• _INFORMATION SUPPLIED_:
[Start of Attachment]

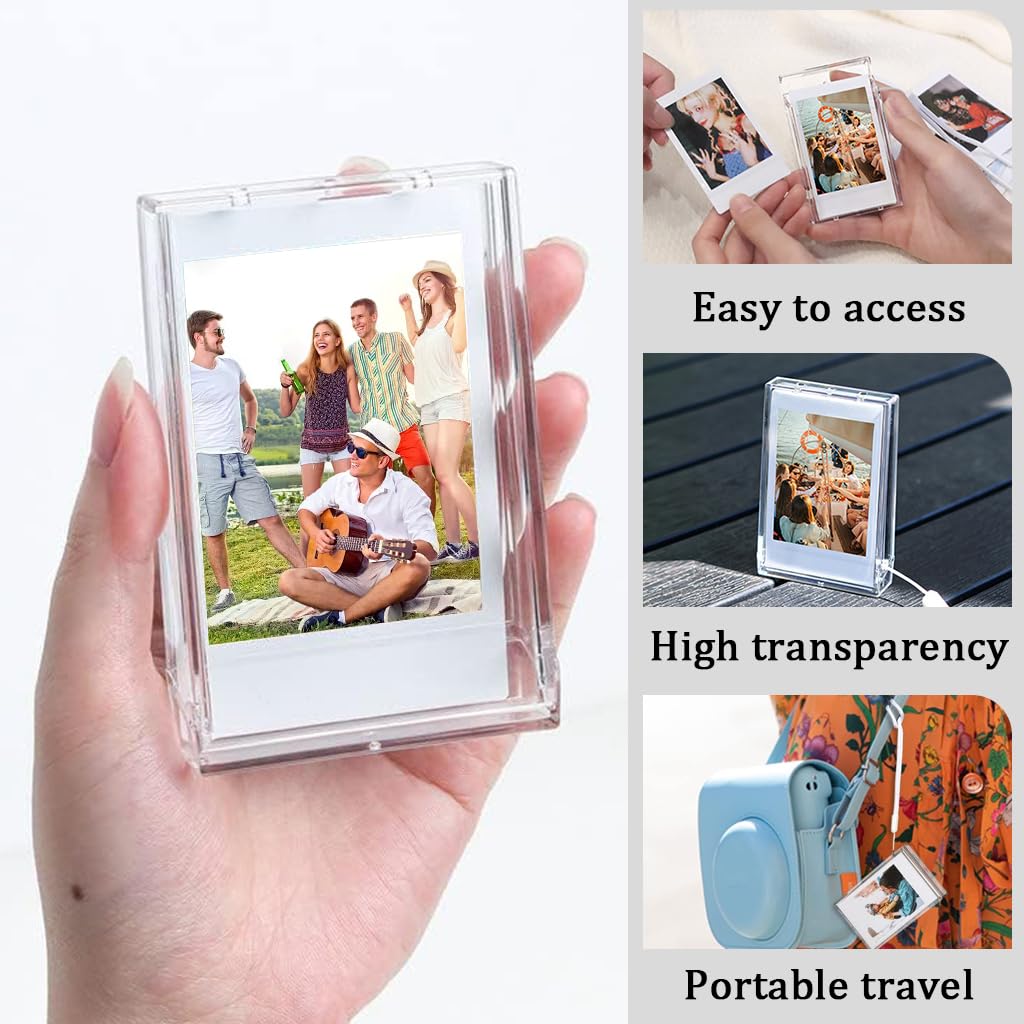 ZORBES Instant Photo Storage Box for 3 Inch Prints with Lanyard featuring Clear PC Display Case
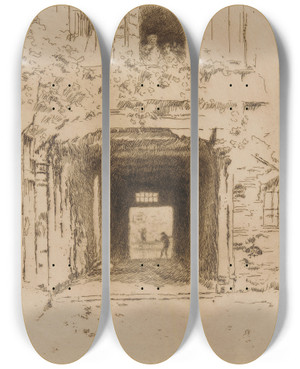 Triptych art skateboard deck of James Abbott Mcneill Whistler Doorway And Vine by James Abbott Mcneill Whistler (1834-1903)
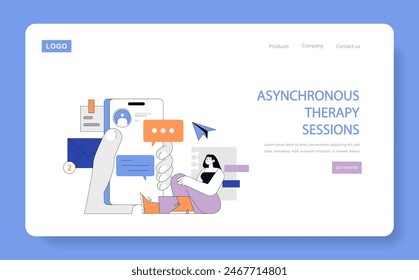 Concepto de terapia en línea. Sesión virtual de asesoramiento con carácter femenino que refleja los servicios de telepsicología. Asistencia moderna de salud mental. Ilustración vectorial.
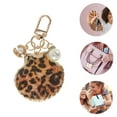 thumbnail image 3 of Unique Bargains Fashion Pearl Leopard Print Shell Style 3 Handbag Charm Brown 1 Pc, 3 of 5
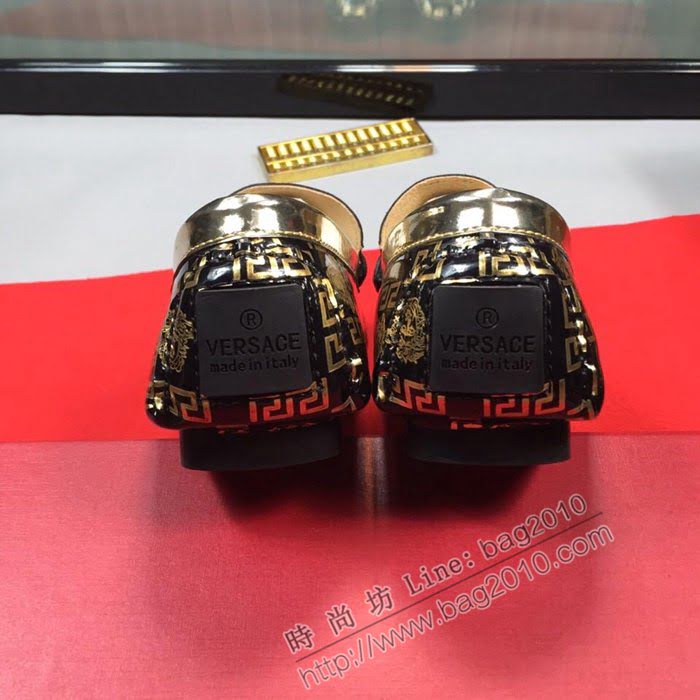 VERSACE男鞋 高端精品款 2019專櫃新款 範思哲套腳豆豆鞋  jpx1656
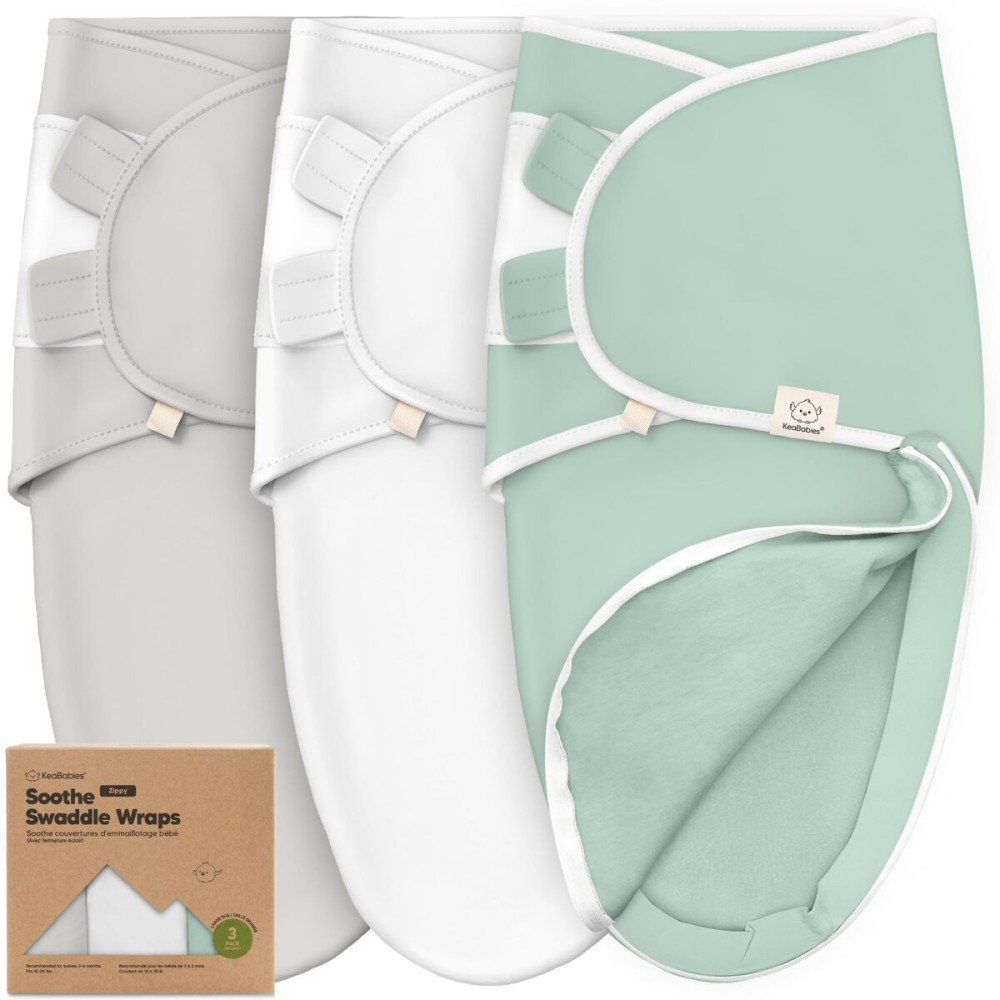 Baby Swaddle Sleep Sacks with Zipper - 3-Pack Swaddles for Newborns 3-6 Months, Infant, Baby Girls, Boys, Soft & Durable Newborn Sleep Sack, Easy Diaper Change Swaddling Blanket (Sage, L)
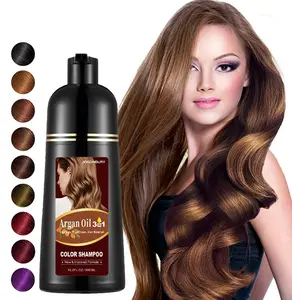 Instant Hair Color Shampoo Natural Light Brown for Gray Hair Coverage, Long-lasting 3 in 1 Argan Oil Hair Dye Shampoo,16.9 oz haircare comfort plant extract springtok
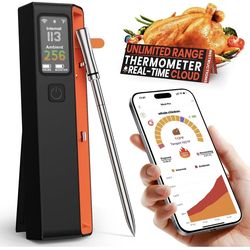 Smart Bluetooth Wireless Meat Thermometer: Standalone Base, WiFi Unlimited Range, 6 Sensors with NIST Certified Accuracy, for iOS and Android, for Kit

[End of Attachment]

• _TO DO_: All that is needed here is the run of lines from the one containing "Instant Hair Color" through the end of the material above, reproduced exactly and without pictures.

• _SOLUTION BELOW_:
 Instant Hair Color Shampoo Natural Light Brown for Gray Hair Coverage, Long-lasting 3 in 1 Argan Oil Hair Dye Shampoo,16.9 oz haircare comfort plant extract springtok
 Smart Bluetooth Wireless Meat Thermometer: Standalone Base, WiFi Unlimited Range, 6 Sensors with NIST Certified Accuracy, for iOS and Android, for Kit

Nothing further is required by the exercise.